Ular Berbisa memperhatikan jawabannya dan merenung dalam-dalam.
[Membatalkan aktivasi Unparalleled Under Heaven. ]
Lalu, Ular Berbisa bertanya.
“Butuh bantuan?”
“Hmm?”
“Ya. Aku pernah melakukan beberapa pandai besi sebelumnya… Kamu bilang tinjumu sudah cukup, tapi kamu tidak pernah tahu, kan?”
Ular Berbisa menyingsingkan lengan bajunya dan menyeringai.
“Lagipula, tinju ini hampir menembus jantung bajingan itu.”
Mutia mengerutkan keningnya.
Itu tidak berlangsung lama. Dia mendengus acuh lalu berbalik dan berkata,
“…Lakukan sesukamu.”
Dan Ular Berbisa melakukan hal itu.
Dentang!
Dentang!
Suara berbeda bergema, dan waktu berlalu.
Dentang……!
Gelombang kejut meledak.
Seperti retakan yang terbentuk pada telur, sebuah celah muncul, dan dari dalam, semburan cahaya yang tajam dan jernih meledak.
Kemudian.
[ Selamat! ]
Kuil itu mulai runtuh.
Seolah-olah sebuah cangkang, yang sudah lama terkelupas, akhirnya menerima takdirnya untuk hancur.

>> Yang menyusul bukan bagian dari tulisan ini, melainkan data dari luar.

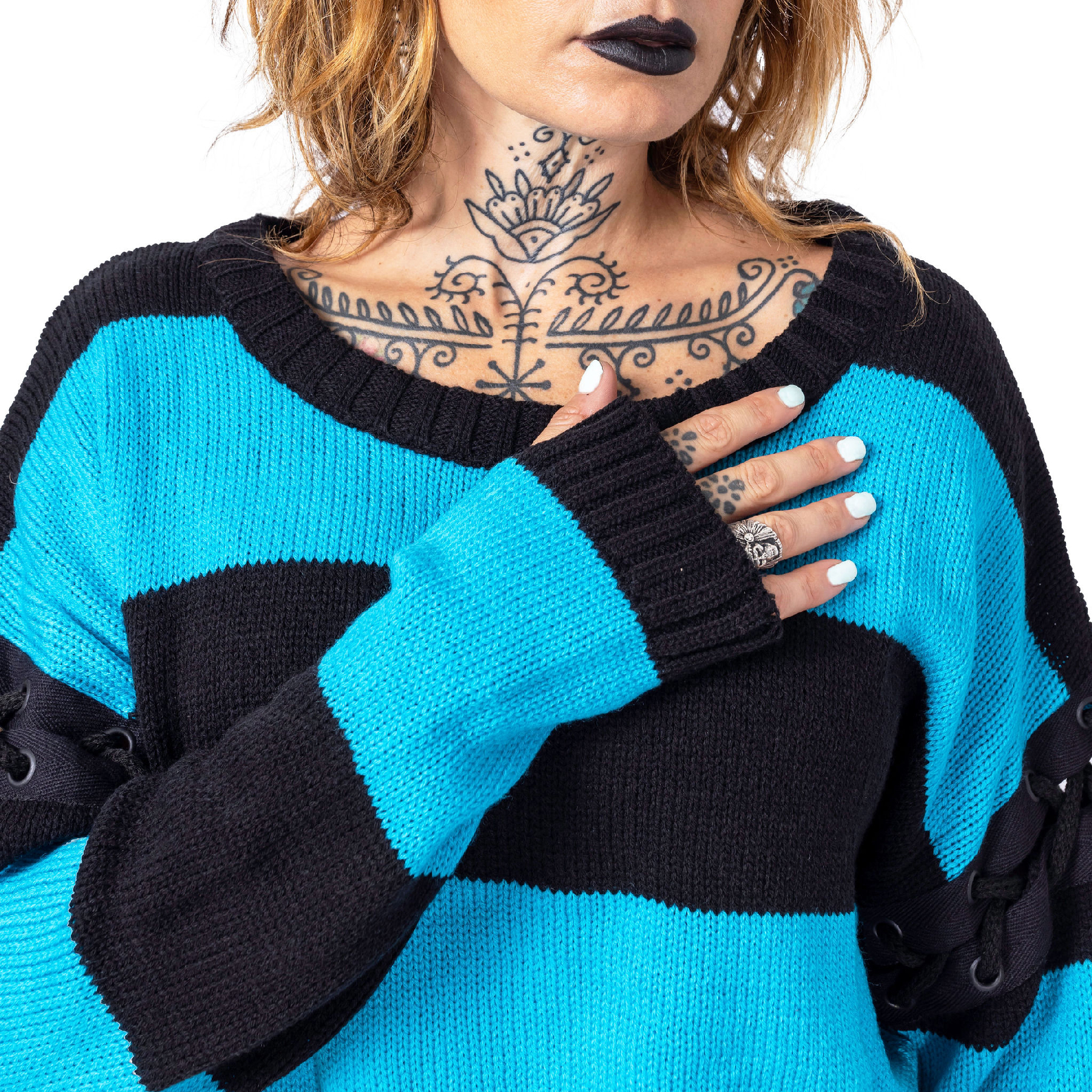 HYPNOSIS TOP
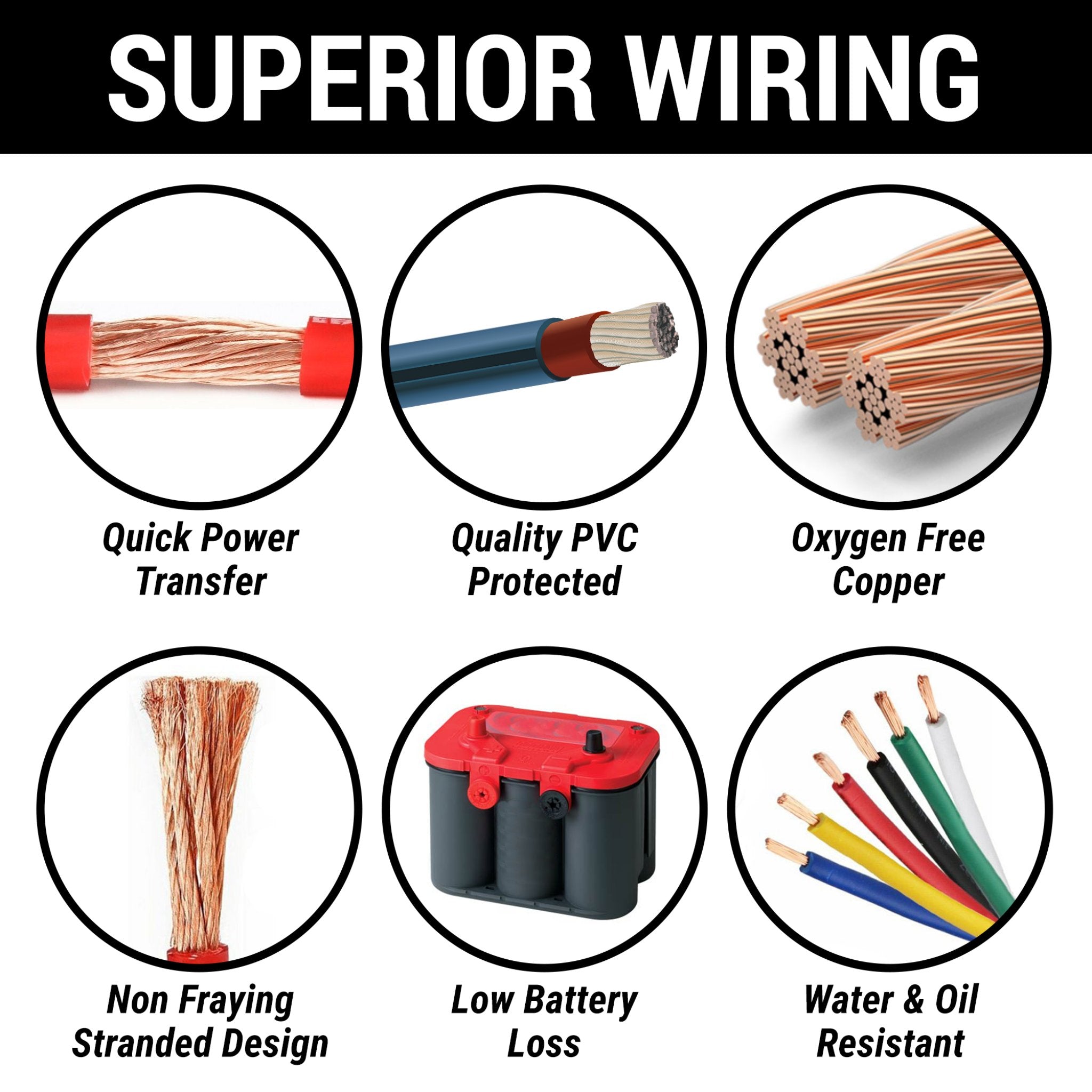 Volkswagen Chrome Power Antenna Kit for VW Bug Bus Karmann Ghia Thing T3 T4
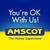 Amscot Financial logo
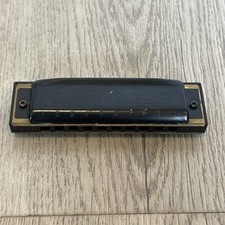 Vintage hohner pro for sale  NORWICH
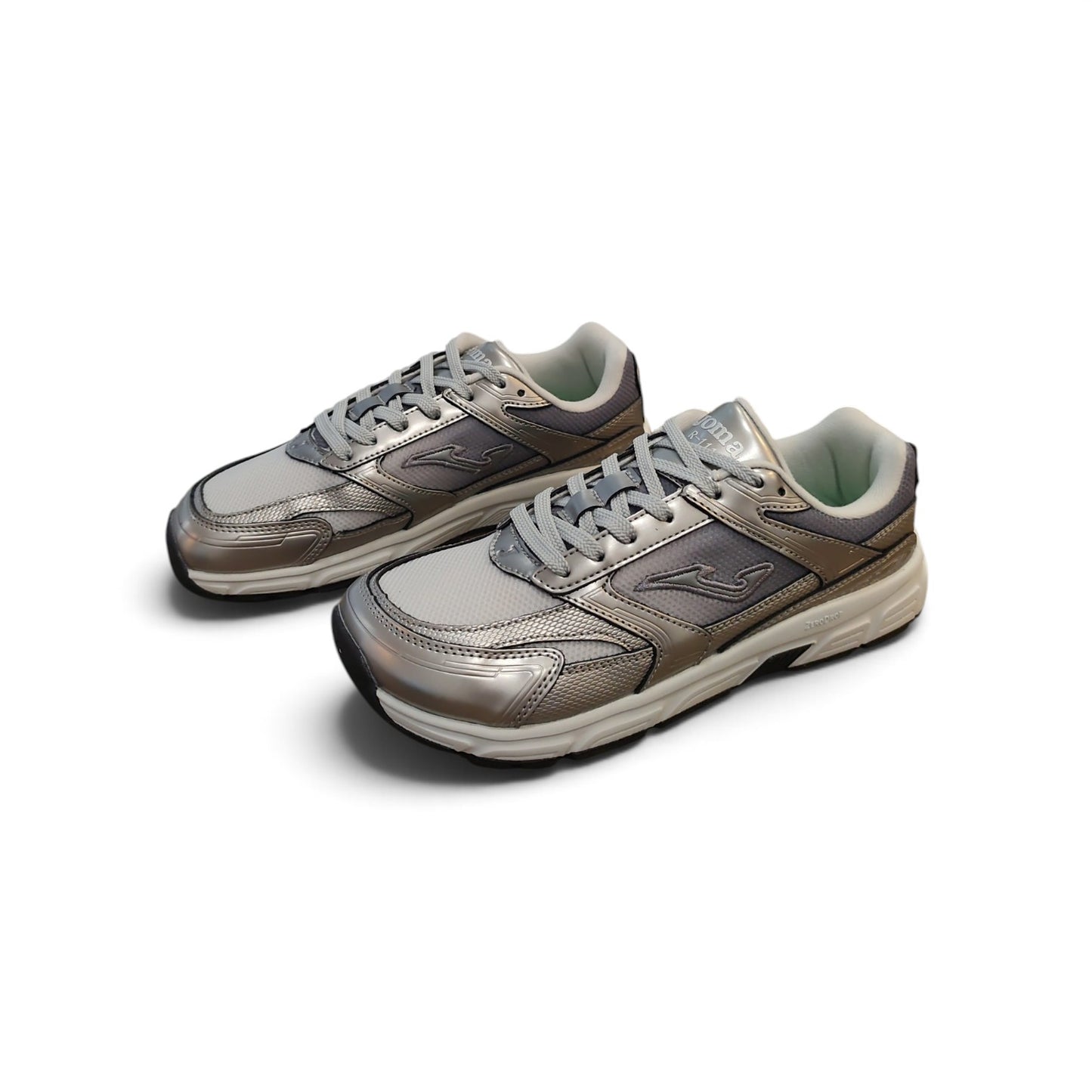 Deportivas Casual CR111 - JOMA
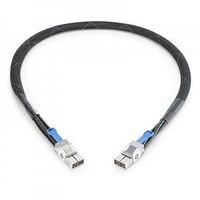 HPE Câble d'empilage - 1 m - Pour P/N: J9577A, J9577A#ABA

[Item dengan nilai yang tak terukur! ]
Gedebuk. Gedebuk! Atapnya melorot, dan tiang-tiang penyangga candi pun bengkok. Awalnya, permukaan kolom membengkak seolah-olah menderita gangguan pencernaan, dan segera hancur, memuntahkan debu.
Gelombang kejut telah meruntuhkan kuil dari dalam.
[Anda adalah orang pertama yang membuat objek yang melampaui Artefak Kelas Dunia— ]
Dikatakan bahwa setiap orang yang menginjakkan kaki di menara mendengar pernyataan itu pada hari itu.
[Pembentukan kunci selesai. ]
Namun.
[Rasi bintang yang terjalin denganmu telah mengubah cara hidup mereka karena kamu, dan akibatnya, mereka tidak lagi ada dengan cara yang sama seperti sebelumnya. ]
Fakta bahwa deklarasi Menara lain, yang hanya bisa didengar oleh satu orang, juga bergema di saat yang sama.
[Lantai 93 telah dibersihkan. ]
Orang yang mendengar deklarasi Menara melihat ke bawah pada reruntuhan yang runtuh, pada pria berpenutup mata yang dengan gembira memegang palu pandai besi dan seorang gadis dengan tanduk patah di tengahnya.
Lalu berbalik, dia perlahan mulai berjalan.
[Anda memasuki lantai 94. ]
*****
ED: Bab terakhir hari ini. Juga, hanya tersisa 10 bab lagi.